** Dataset content follows **

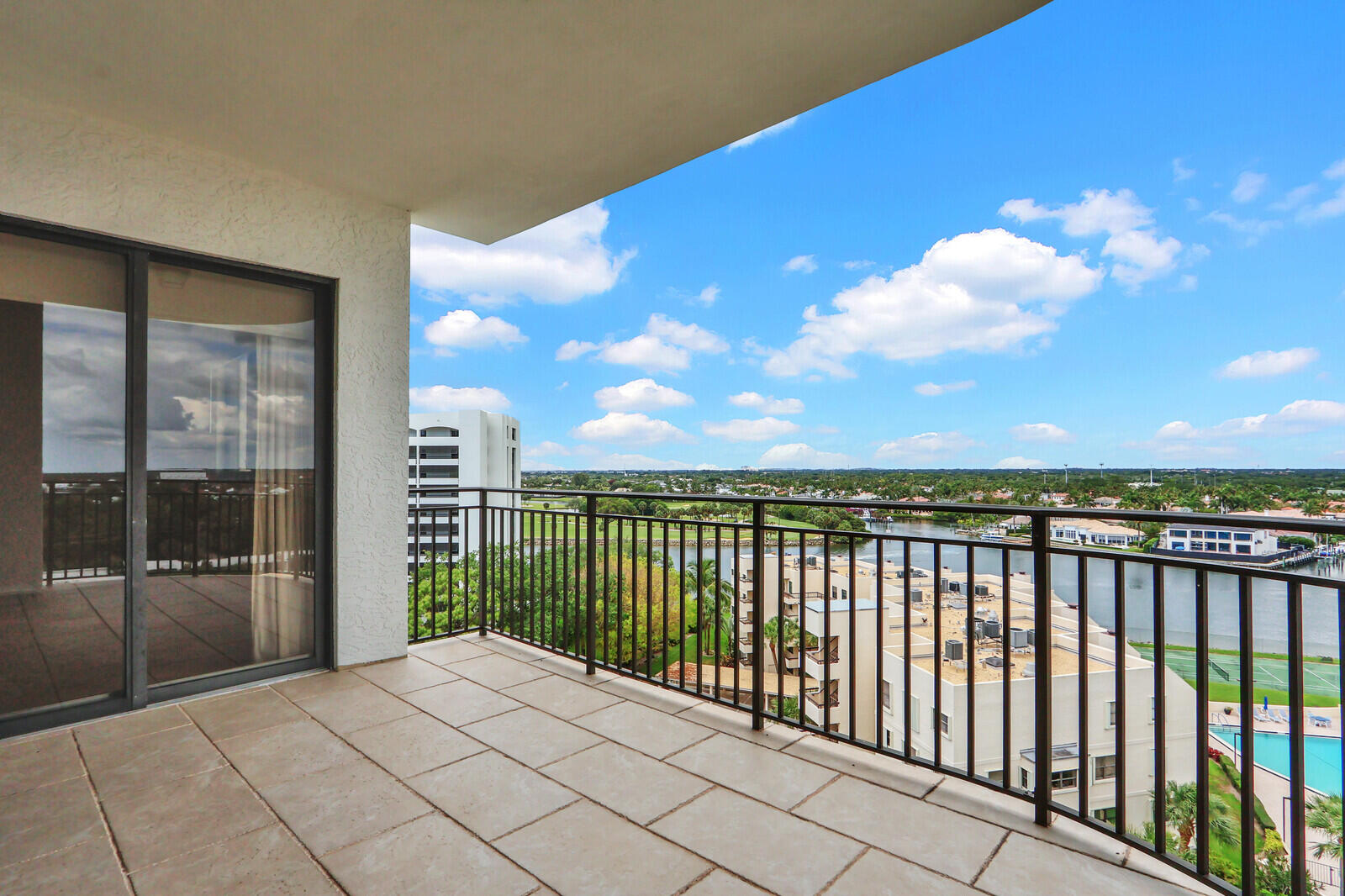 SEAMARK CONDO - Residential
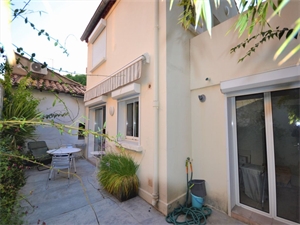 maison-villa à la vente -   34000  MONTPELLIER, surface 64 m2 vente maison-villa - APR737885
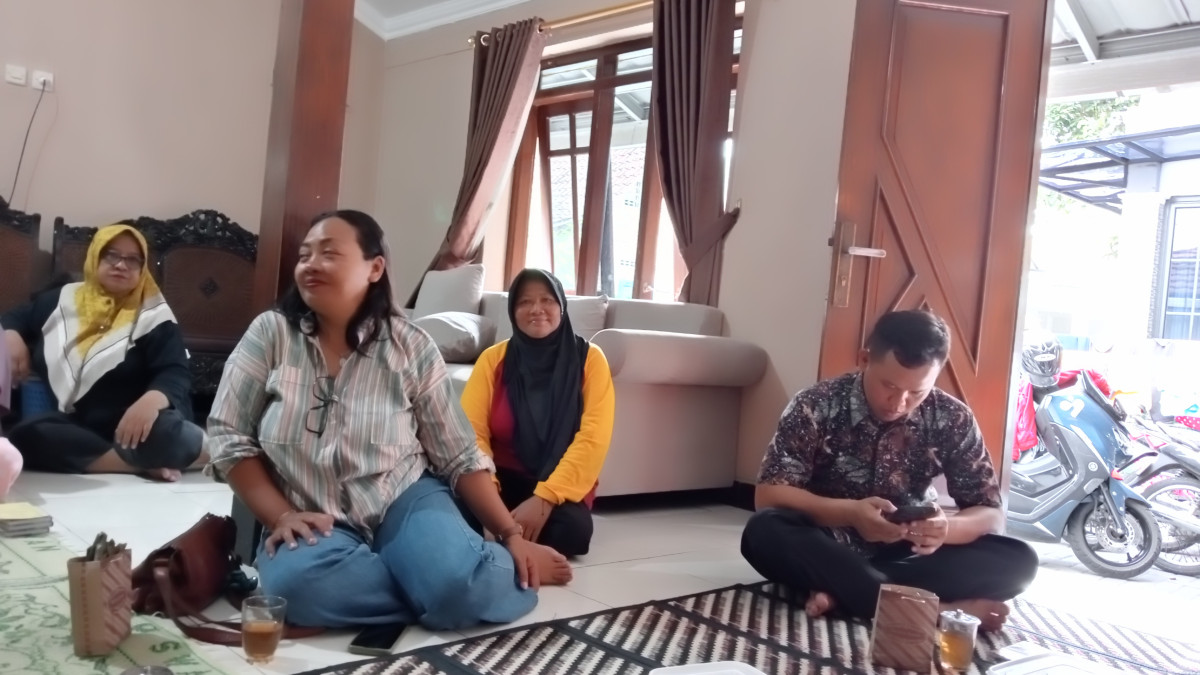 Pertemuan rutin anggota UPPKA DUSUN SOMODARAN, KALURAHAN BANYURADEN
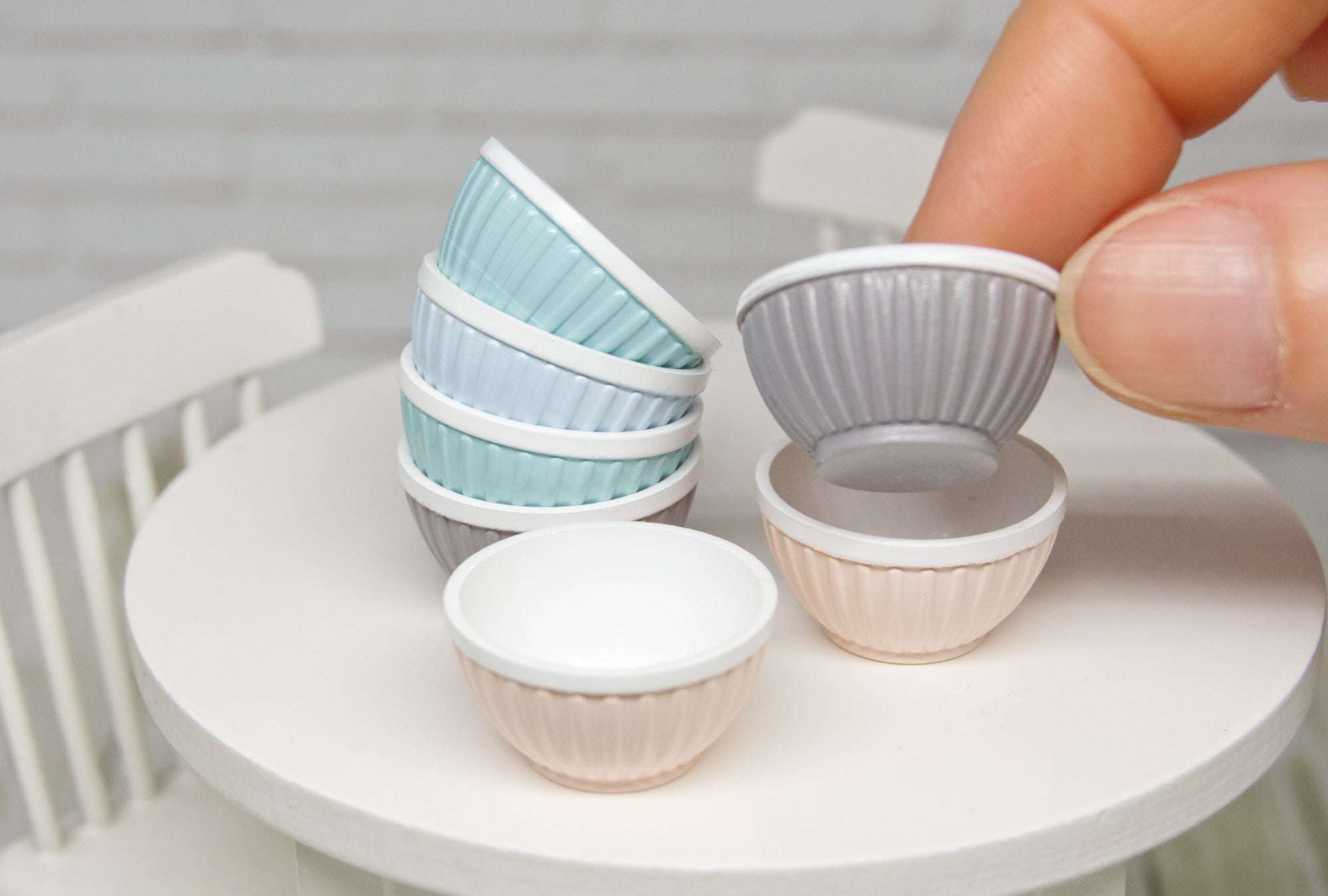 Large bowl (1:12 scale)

** End of Dataset content **

- Problem to solve -
Transcribe the listing above verbatim. Omit the pictures.

- Response -
 SEAMARK CONDO - Residential
 maison-villa à la vente -   34000  MONTPELLIER, surface 64 m2 vente maison-villa - APR737885
 Pertemuan rutin anggota UPPKA DUSUN SOMODARAN, KALURAHAN BANYURADEN
 Large bowl (1:12 scale)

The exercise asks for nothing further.